About this task
Print exactly what appears from the line containing "Sparkle Allure Zodiac" through the final line of the data below, pictures excluded.

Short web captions

══════

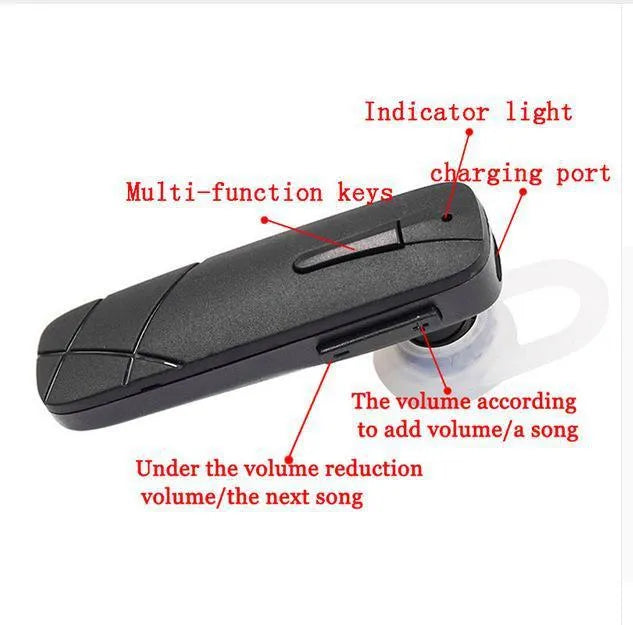 Mini wireless Bluetooth earphone in black or white with 10-metre range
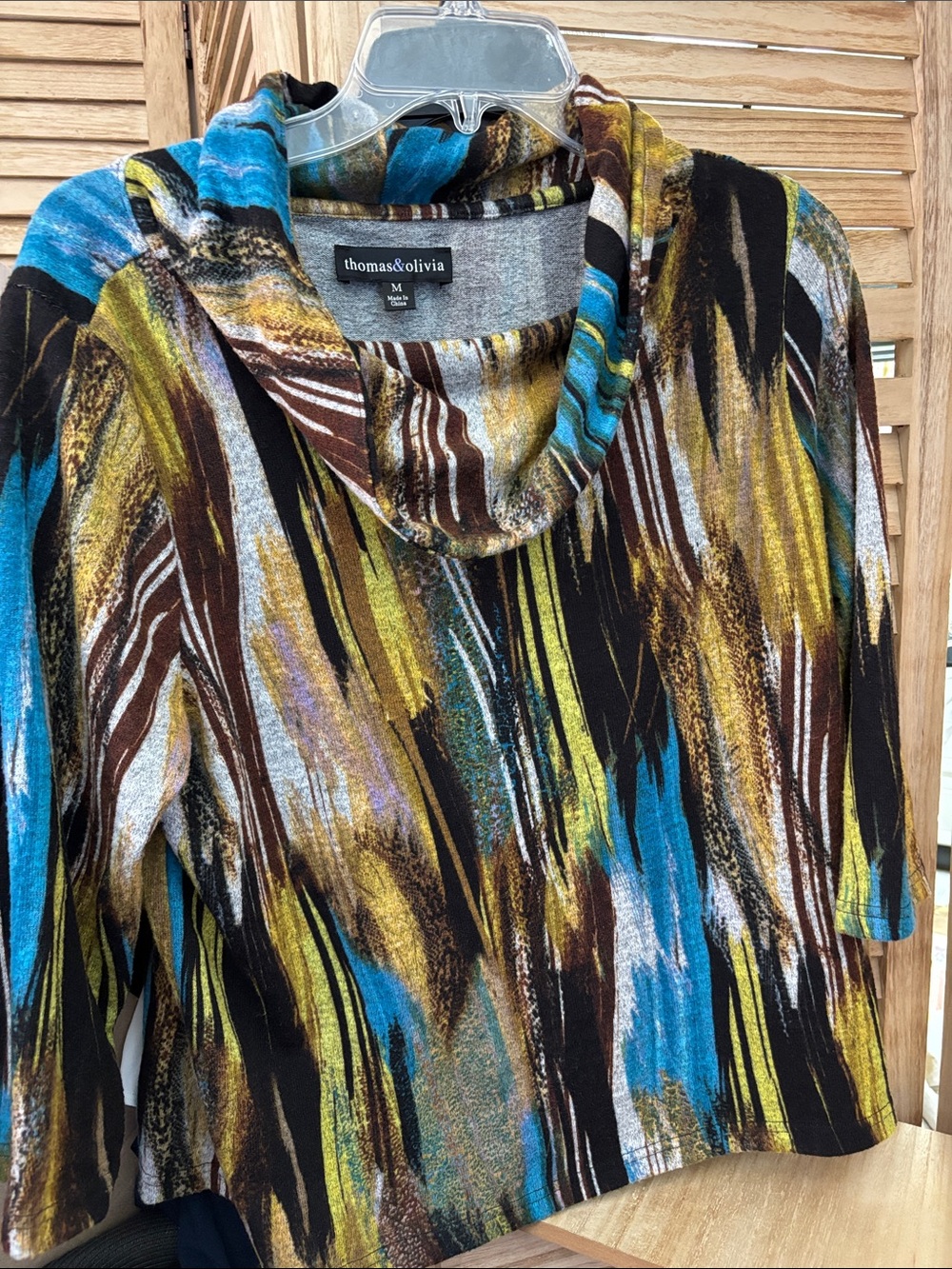Thomas & Olivia Abstract Print Cowl Neck Top - Black, Blue & Gold Medium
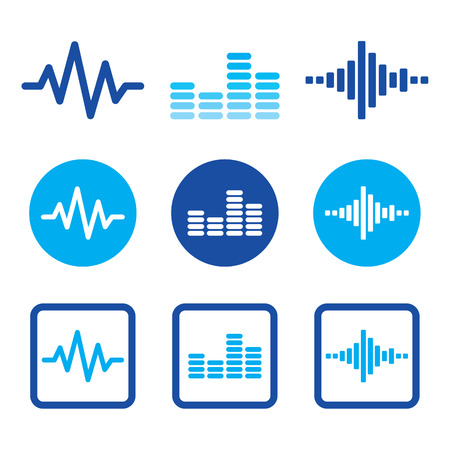 Sound wave music vector blue icons setのイラスト素材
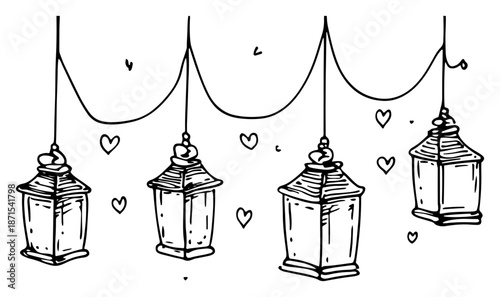 Vintage hand drawn hanging lanterns with heart symbols in engraving style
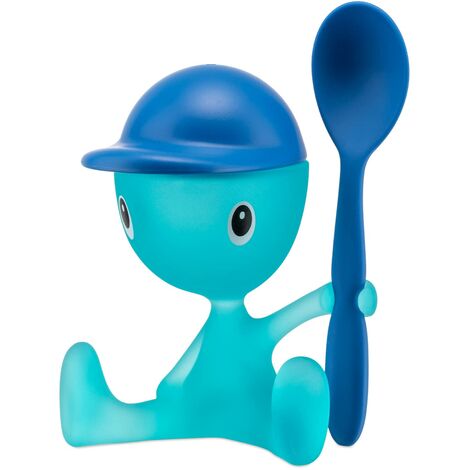 Alessi ASG23 AZ Cico Portauovo con Spargisale Personale e Cucchiaino in Resina Termoplastica, Azzurro (1/4)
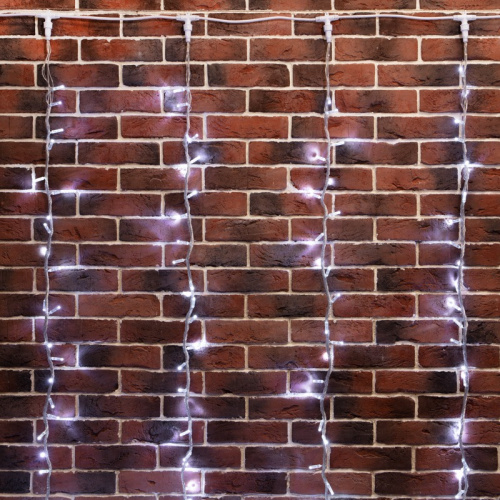 картинка Гирлянда светодиодная Занавес (Дождь),  2х3м,  240 LED БЕЛЫЙ,  прозрачный ПВХ,  IP65, эффект водопада,  24В,  не соединяется (трансформатор в комплекте) от магазина Сантехстрой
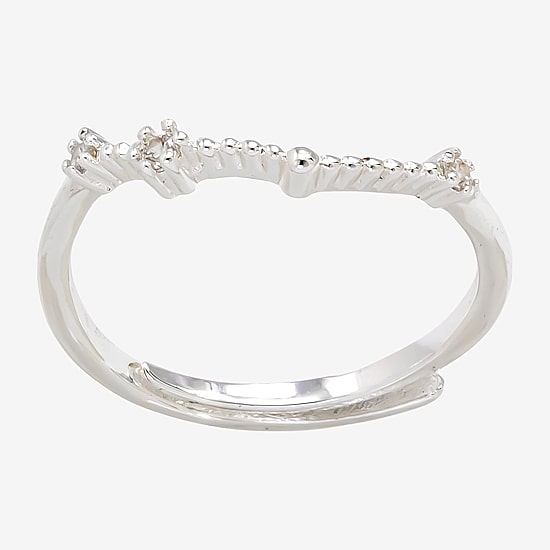 Sparkle Allure Zodiac Womens Cubic Zirconia Pure Silver Over Brass Band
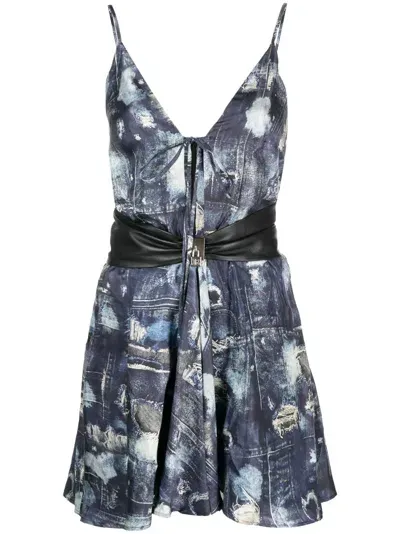 John Richmond Yusam Denim-print Dress In Blue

══════

Answer to this task
 Sparkle Allure Zodiac Womens Cubic Zirconia Pure Silver Over Brass Band
 John Richmond Yusam Denim-print Dress In Blue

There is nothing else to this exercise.